Could you output each line below exactly as it appears, excluding any pictures?
*** Opening Record excerpts ***
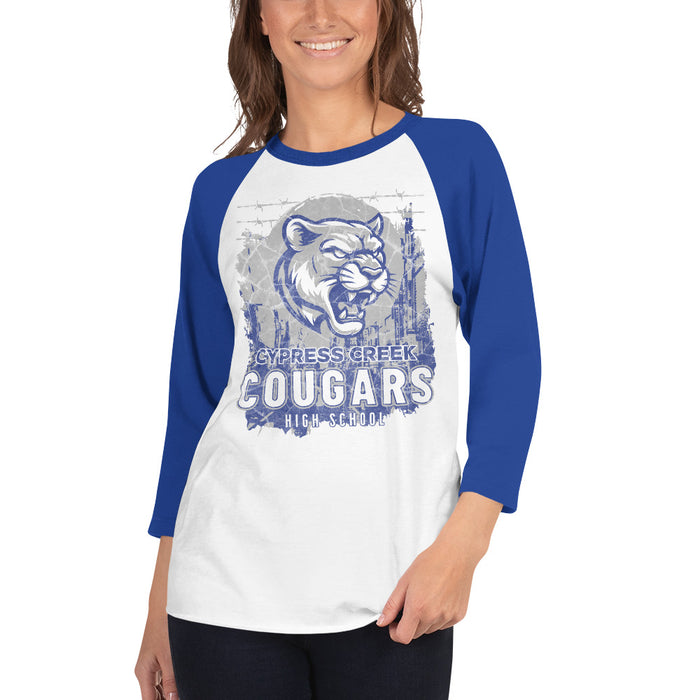 Woman wearing Cypress Creek High School Cougars Unisex 3/4 sleeve Raglan T-shirt 202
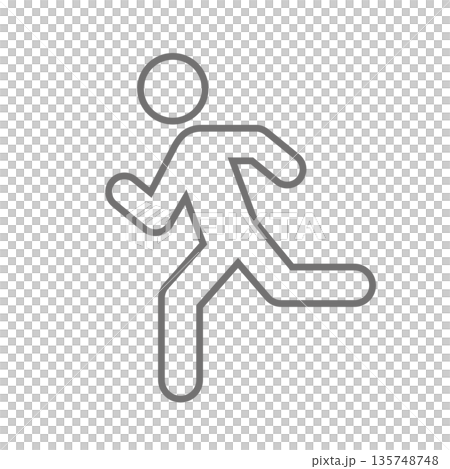 走る人のピクトグラムアイコン 走る人のピクトグラムアイコン 135748748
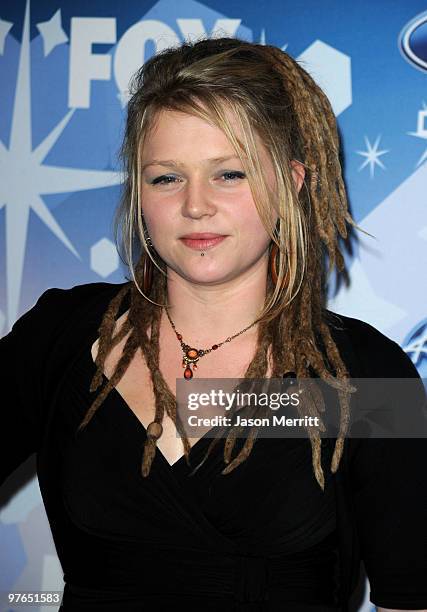 Contestant Crystal Bowersox arrives at Fox's Meet The Top 12 "American Idol" Finalists at Industry on March 11, 2010 in Los Angeles, California.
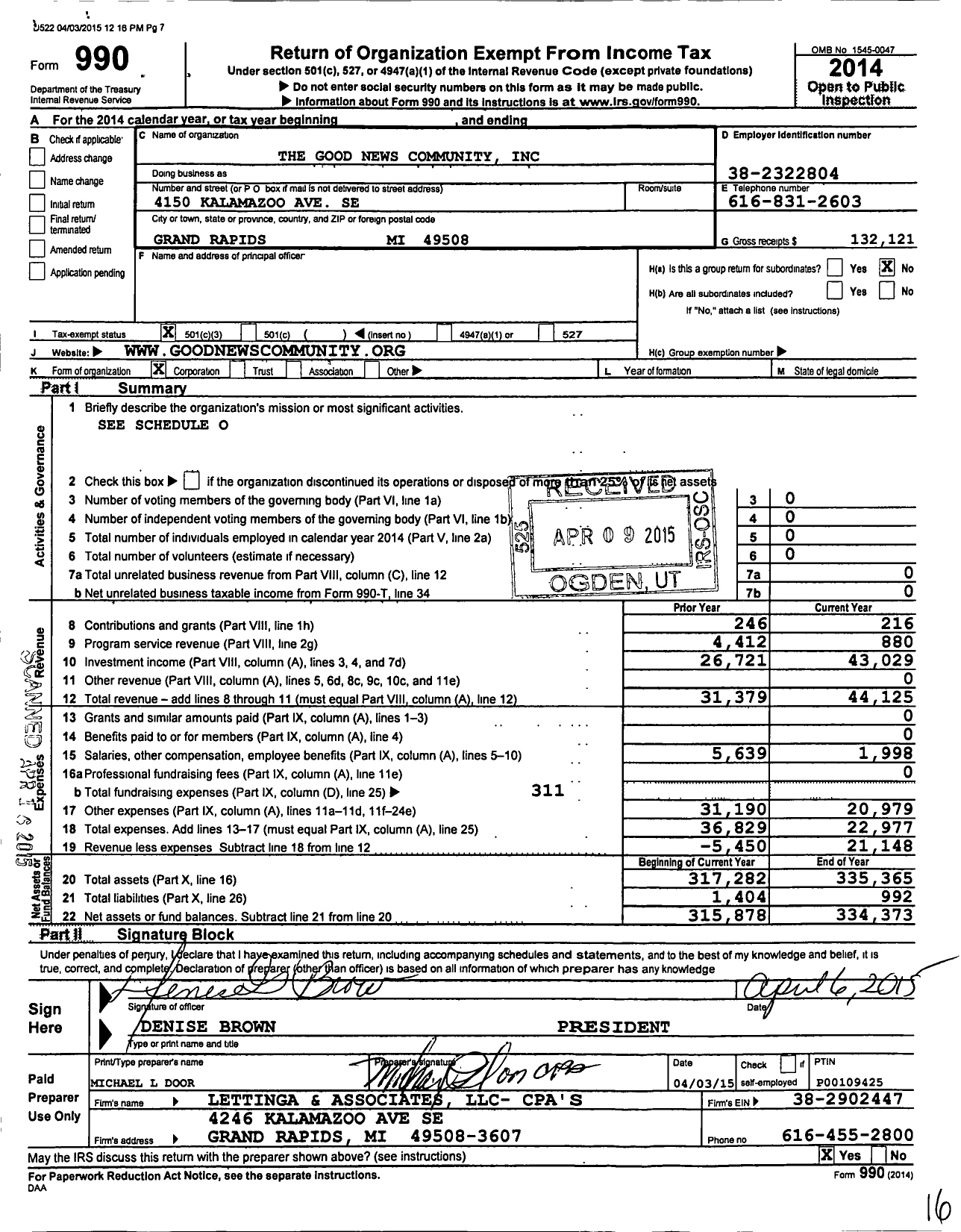 Image of first page of 2014 Form 990 for Good News Community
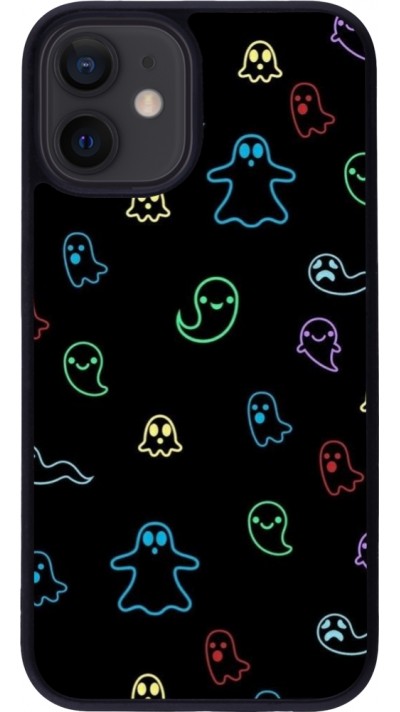 Coque iPhone 12 mini - Silicone rigide noir Halloween 2024 colorful ghosts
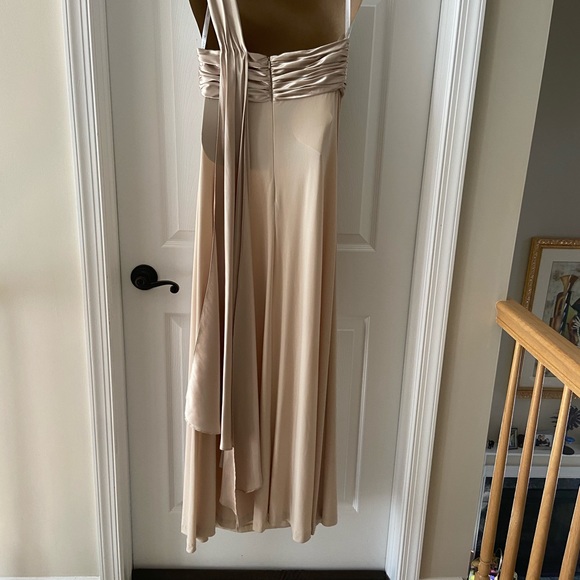 Long one shoulder flowing taupe prom gown - Picture 4 of 5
*** Closing Record excerpts ***
## Output of the task
 Woman wearing Cypress Creek High School Cougars Unisex 3/4 sleeve Raglan T-shirt 202
 走る人のピクトグラムアイコン 走る人のピクトグラムアイコン 135748748
 Contestant Crystal Bowersox arrives at Fox's Meet The Top 12 "American Idol" Finalists at Industry on March 11, 2010 in Los Angeles, California.
 Image of first page of 2014 Form 990 for Good News Community
 Coque iPhone 12 mini - Silicone rigide noir Halloween 2024 colorful ghosts
 Long one shoulder flowing taupe prom gown - Picture 4 of 5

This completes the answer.